Study of an orange tree from the vicinity of Sorrento, 1880, Hans Thoma
Study of an orange tree from the vicinity of Sorrento, 1880, Hans Thoma

At the Rock and Roll Hall of Fame cer­e­mony men­tioned above, Twenty One Pilots pro­vided a worthy cover of Seven Nation Army. Readers of Moonbound know this song looms large in my imag­i­na­tion, and in the future his­tory of the world.


Here’s Alan Jacobs on teaching and learning in the era of LLMs:

I don’t know what’s hap­pening elsewhere, but in the Honors Col­lege here at Baylor — or rather among those of us who teach the humanities — it’s been fun to see what we’re doing to banish the LLM demons. Most of us are incor­po­rating a lot of hand­writing into our teaching: sev­eral col­leagues have been doing blue-book exams, a couple have bought their stu­dents cheap com­po­si­tion books from Wal­mart and are making them create com­mon­place books, and I am reg­u­larly handing out pas­sages from the texts we’re reading, printed out with very wide margins, and asking stu­dents to anno­tate them. I tell them I want their pages to look like Balzac’s galley proofs.

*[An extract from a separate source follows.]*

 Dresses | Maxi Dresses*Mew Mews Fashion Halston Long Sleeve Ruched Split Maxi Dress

Click through to see one of those proofs — iconic.


More from Alan Jacobs: a scin­til­lating mul­ti­media post that is, honestly, the most “hypertext” thing I’ve seen in years. Beau­tiful and provocative.


One more from Alan:

Only grad­u­ally did it occur to me to ask why, if the past is an utterly for­eign country, we laugh at the places in Shake­speare that were obvi­ously meant to be funny, and cry when the char­ac­ters on stage were crying — even yes, even cry when reading some­thing as ancient as the Iliad, for instance when Hector tells his beloved wife Andro­mache that what grieves him the most about this ter­rible war is the cer­tainty that someday he, being dead, will be unable to rescue her from enslavement.

Absolute his­tori­cizing cannot sur­vive the expe­ri­ence of reading. Lament that if you wish.

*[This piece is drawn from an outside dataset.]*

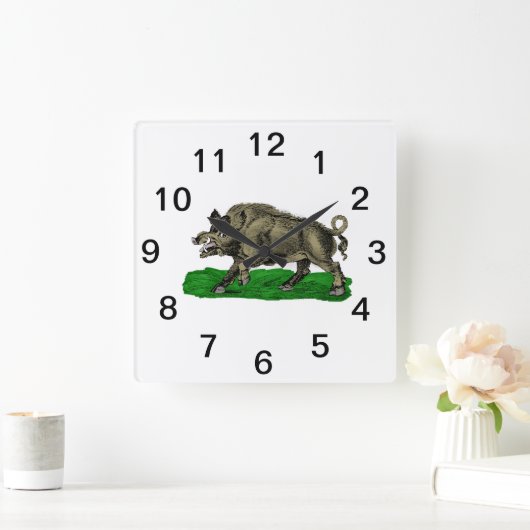 ヴィンテージワイルドボーススケッチBW #3C スクエア壁時計 (ホーム)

Can you tell I indulged in a blog catch-up binge recently? Like returning to your favorite restau­rant after months away from home. (I did that recently, too.)

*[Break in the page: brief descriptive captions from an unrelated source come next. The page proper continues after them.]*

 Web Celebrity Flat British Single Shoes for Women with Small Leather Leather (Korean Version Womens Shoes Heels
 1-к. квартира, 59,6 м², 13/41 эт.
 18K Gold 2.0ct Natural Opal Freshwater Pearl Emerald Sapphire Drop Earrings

Here’s a recording of Alexis Madrigal’s recent talk, a Social Sci­ence Matrix Dis­tin­guished Lec­ture at Berkeley: metab­o­liza­tion and exten­sion of his research and thinking for The Pacific Circuit. It won’t sur­prise you to hear that I loved Alexis’s con­juring of city life here:

Cities are so good at building sol­i­darity. Not the hard sol­i­darity of get­ting into the streets in the interest of others, but the soft one of building human alle­giance for no reason at all. With an exchange of money, there’s also the inef­fi­cient inter­changes of life.

City life is filled with all kinds of little gives and takes, with gro­cery checkers, the book­store people, a Japanese steel spe­cialist who car­ries obscure gar­dening tools, the vin­tage store lady with an eye for French chore coats, the guy selling Street Spirit out­side the café, the barista with an eye­brow ring and heart of gold, the woman who says, smiling, “Why, this dog? He’s a Maltipoo.”

(audience laughing)

It is, honestly, a thrilling presentation, and you won’t regret lis­tening on some quiet morning before the year ends.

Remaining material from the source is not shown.